Le PLD, dirigé par le Premier ministre Fumio Kishida, et Komeito ont rencontré des difficultés dans la coordination des candidats pour la capitale alors que la carte électorale sera redessinée en vertu d’une législation adoptée l’année dernière pour réduire l’écart de vote entre les circonscriptions densément et peu peuplées de la chambre basse du Parlement. .
Les deux partis au pouvoir ont cependant réussi à trouver un terrain d’entente au milieu de spéculations persistantes selon lesquelles Kishida dissoudrait la chambre basse pour des élections anticipées d’ici la fin de cette année.
Kishida et le chef de Komeito, Natsuo Yamaguchi, ont signé un accord selon lequel le PLD soutiendra le candidat de Komeito pour le district n°29 de Tokyo. Dans les autres districts de la capitale, le Komeito soutiendra les candidats du LDP.
En mai, Komeito, frustré par l’insistance du LDP à soutenir son propre candidat dans la nouvelle circonscription n°28 de Tokyo, a fait part à son partenaire de sa décision de ne pas recommander de candidats du LDP dans les circonscriptions de Tokyo.

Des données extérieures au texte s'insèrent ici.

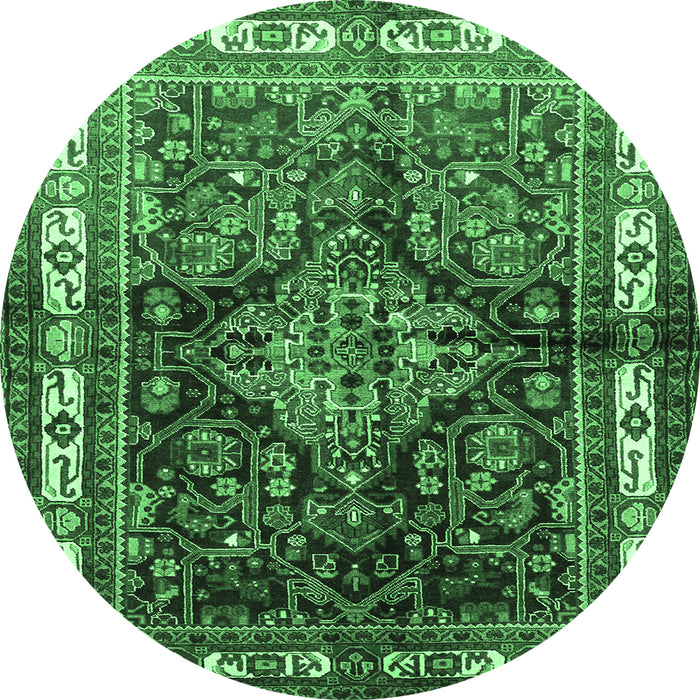Round Persian Emerald Green Traditional Rug, tr321emgrn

Le partenaire junior souhaitait obtenir les sièges parlementaires dans les circonscriptions n°28 et 29, mais a renoncé à présenter un candidat dans la nouvelle circonscription.
Yamaguchi a déclaré aux journalistes après avoir parlé avec Kishida lundi : « Briser la confiance peut se produire en un instant, mais la construire nécessite des efforts désespérés et incessants. »
À la suite de la révision des circonscriptions électorales, 10 circonscriptions électorales uninominales seront ajoutées dans cinq préfectures, dont certaines à Tokyo, à la chambre basse, tandis que 10 préfectures perdront chacune un siège.
Le PLD et le Komeito, qui ont initialement formé un gouvernement de coalition de 1999 à 2009 et ont ensuite repris le pouvoir ensemble en 2012, ont uni leurs forces pour sélectionner les candidats. Komeito est soutenu par la Soka Gakkai, le plus grand groupe bouddhiste laïc du Japon.
Le LDP s’est appuyé sur les votes des membres de la Soka Gakkai. En échange d’une coopération électorale, Komeito a fait pression sur son partenaire pour qu’il promeuve des politiques telles que des distributions d’argent et d’autres programmes liés à la protection sociale.